Brent closed up four percent this week, while WTI closed up 3.7 percent in the last five sessions. Domestic crude oil futures closed 2.18 percent higher. 6,040 per barrel on the Multi-Commodity Exchange (MCX).
corporate action
Shares of several leading companies will trade ex-dividend in the coming week starting Monday, October 28, such as ICICI Lombard General Insurance Company Ltd, Infosys Ltd, Mazagon Dock Shipbuilders Ltd, among others. Some companies have also announced corporate actions such as share buybacks, bonus issues and stock splits. View full list Here
technical scene
After four weeks of decline, the Nifty index is moving closer to support near 24,000 levels. According to Ajit Mishra – SVP, Research, Religare Broking Ltd., a break below this could further weaken sentiment, potentially pushing the index towards the 200-day exponential moving average (DEMA) around 23,450 points.
On a rebound attempt, resistance may first emerge at the 100 DEMA around 24,500 and then around 24,850. However, with most sectors except IT under pressure, oversold conditions could trigger a selective rebound.
“Traders should continue with the “sell on rise” strategy and exercise extra caution, especially with midcap and smallcap stocks.
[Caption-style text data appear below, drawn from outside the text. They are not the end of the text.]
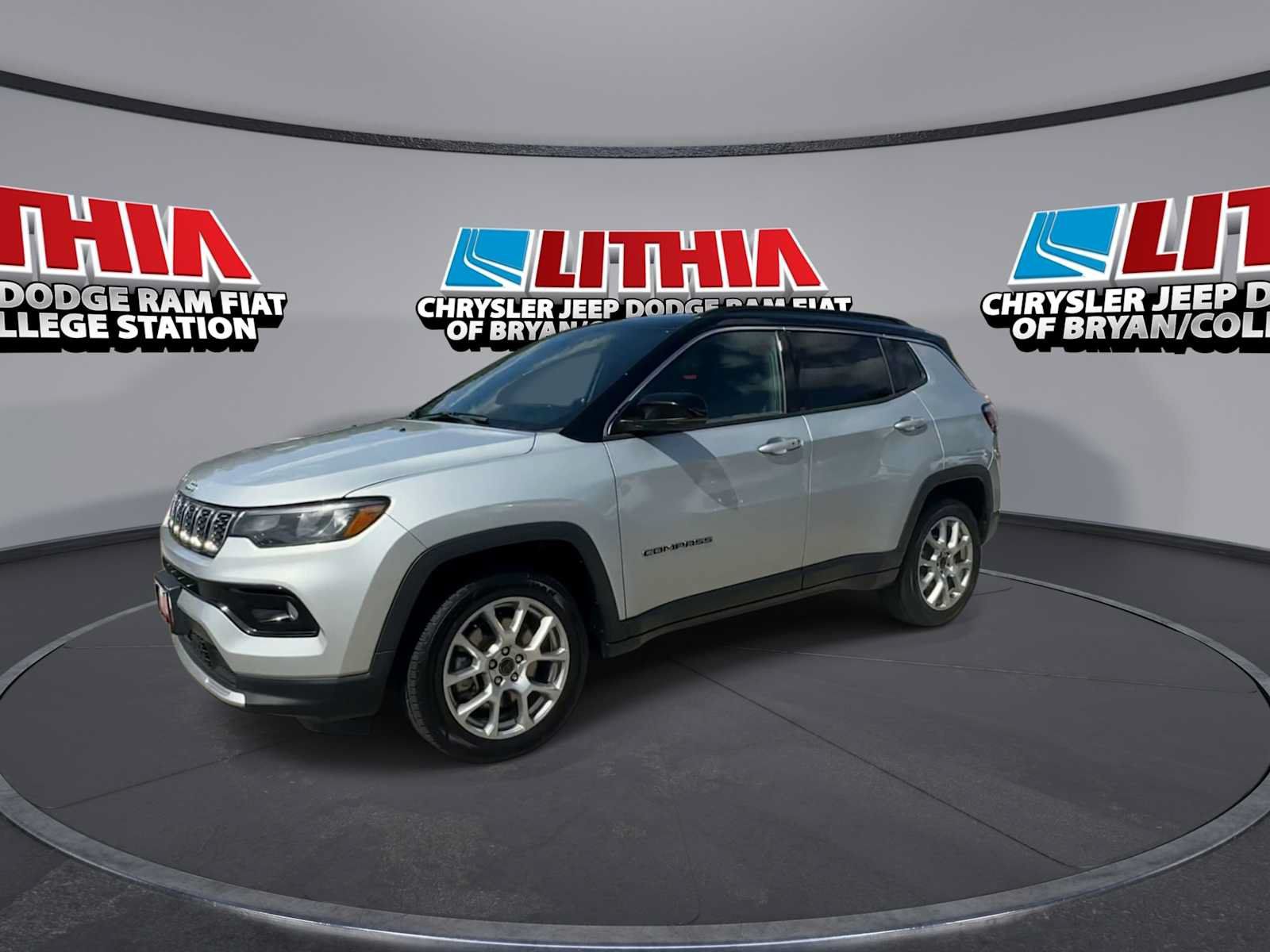 Used 2025 Jeep Compass Limited AWD/4WD image 4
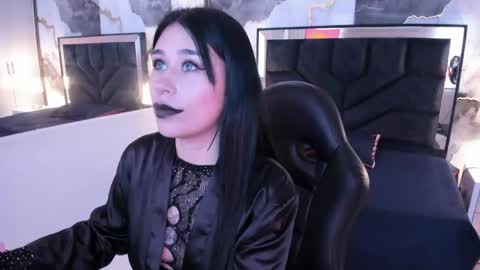 susanvilla online show from June 8, 6:31 pm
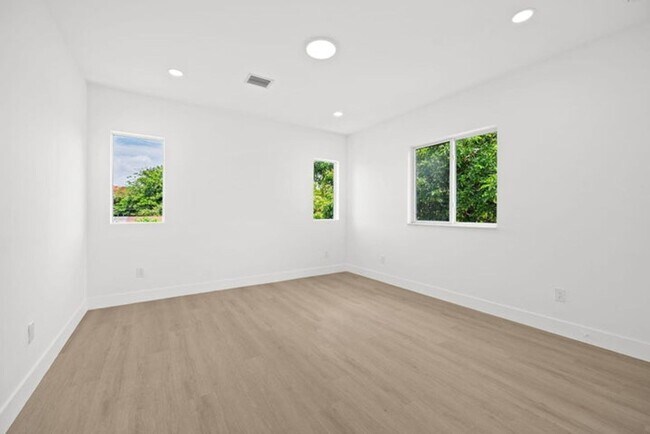 Building Photo - 1355 NW 42nd St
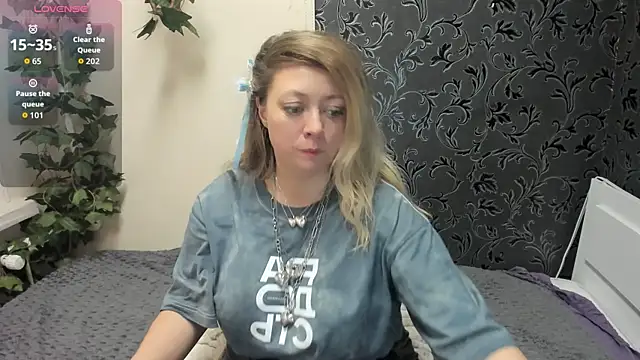 JesiaFoxi online show from 12-21-25, 05:36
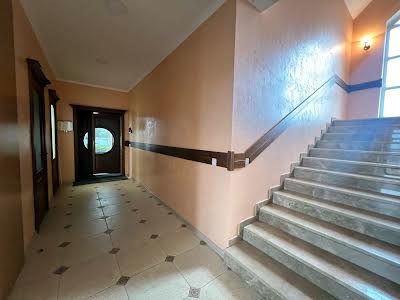 будинок за адресою Юності вул., 120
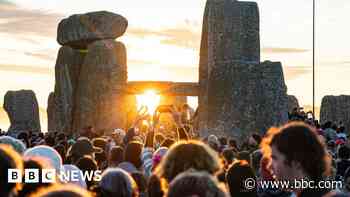 20,000 gather at Stonehenge to celebrate the summer solstice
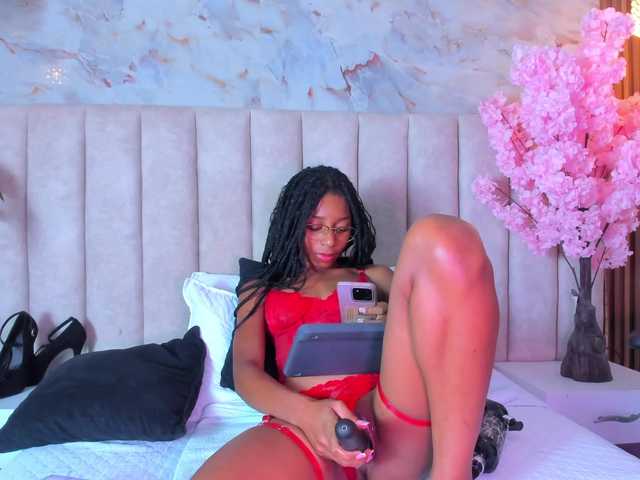 PixzyMartinez live cam on BongaCams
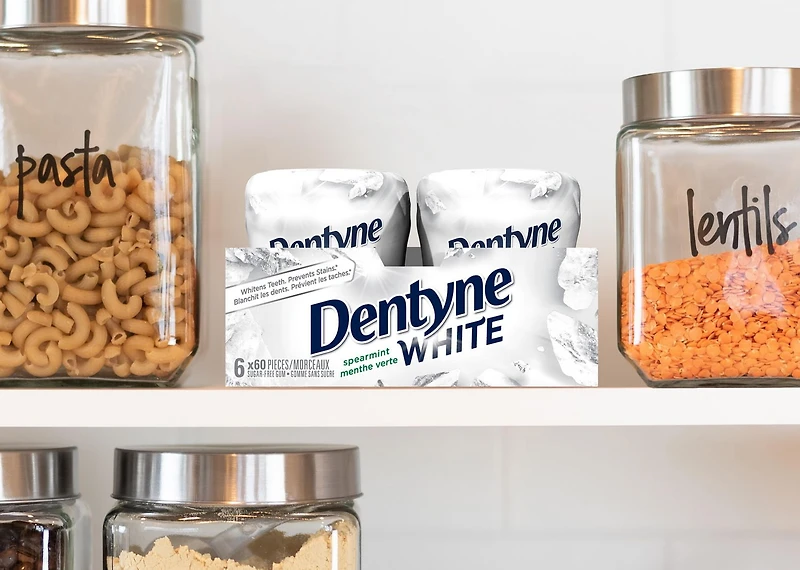 Dentyne White, Gomme sans sucre à la menthe verte - 60 Morceaux Gomme Dentyne White 60 mcx pour sourire brillant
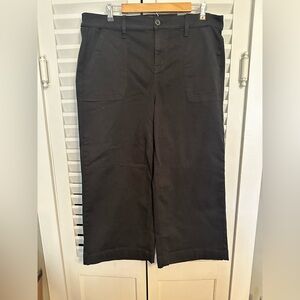 NWT Torrid Black Twill Wide-Leg Crop Pants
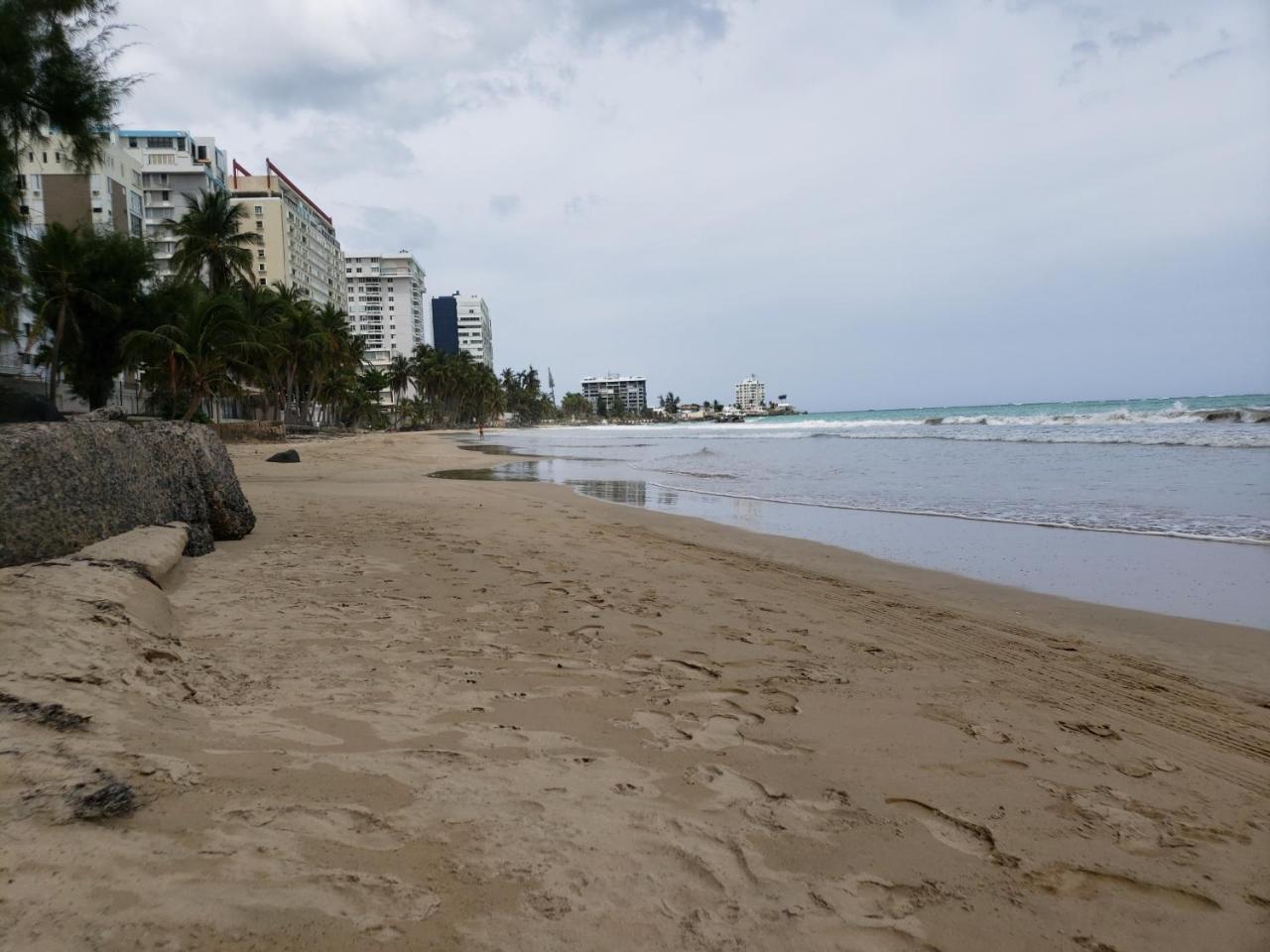 Beach Front Apt Isla Verde 3 Appartamento San Juan Esterno foto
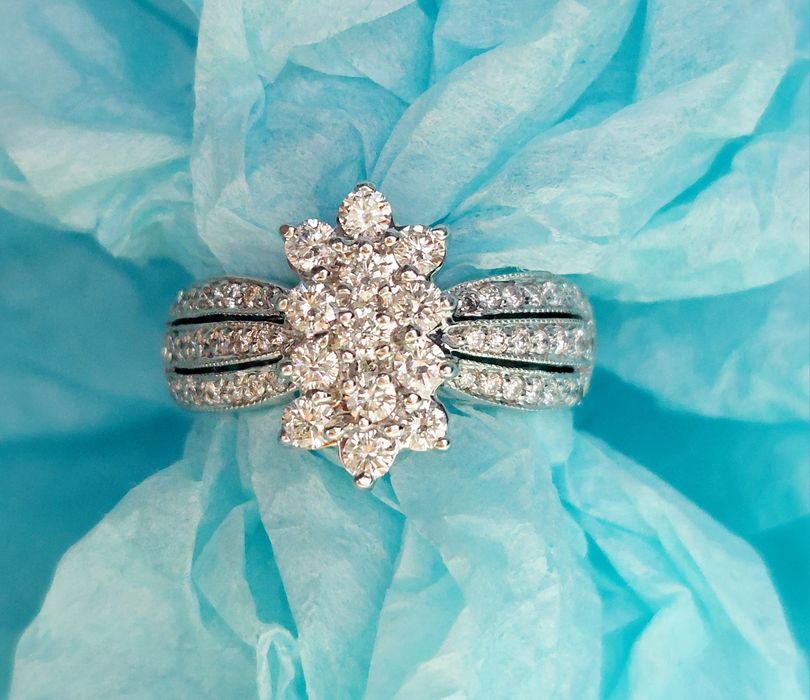 Шикарное золотое кольцо для особого случая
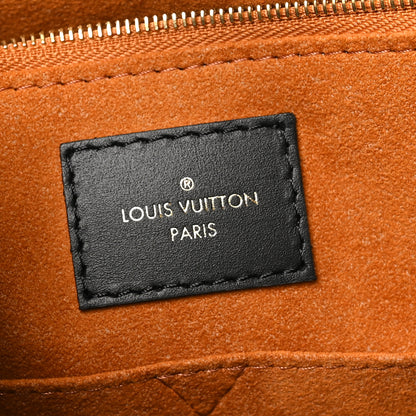 Louis Vuitton Empreinte Monogram Giant Onthego GM Black 4 of 9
Amid the current negativity, investors may consider gradually accumulating high quality stocks with long-term investments,” Mishra said.
Santosh Meena of Swastika Investmart said Nifty has broken out of the head-and-shoulders pattern, increasing the chances of testing its 200-day moving average (DMA) around 23,400 levels. Intermediate support lies at 24,000-23,900, while 24,600-24,700 remains an immediate resistance zone, while 25,000 is a key hurdle on the upside.
Bank Nifty has fallen more than 7.5 per cent from its all-time high and closed 2.51 per cent lower this week at 51,100 points and below the 21-week EMA, indicating increasing selling pressure. This fall comes after disappointing second quarter results of AU Bank, IndusInd and Kotak Bank.
“Immediate support is located at 50,200; Breaking this level could extend the fall to 49,600. Conversely, 51,100 EMA will act as resistance, a strong close above it will potentially invite buying interest towards 51,800,” said Palaka Arora Chopra, Director, Master Capital Services Ltd.
Disclaimer: The views and recommendations given in this analysis are those of the individual analysts or broking companies and not of Mint. We strongly advise investors to consult certified experts before making any investment decisions, as market conditions can change rapidly and individual circumstances may vary.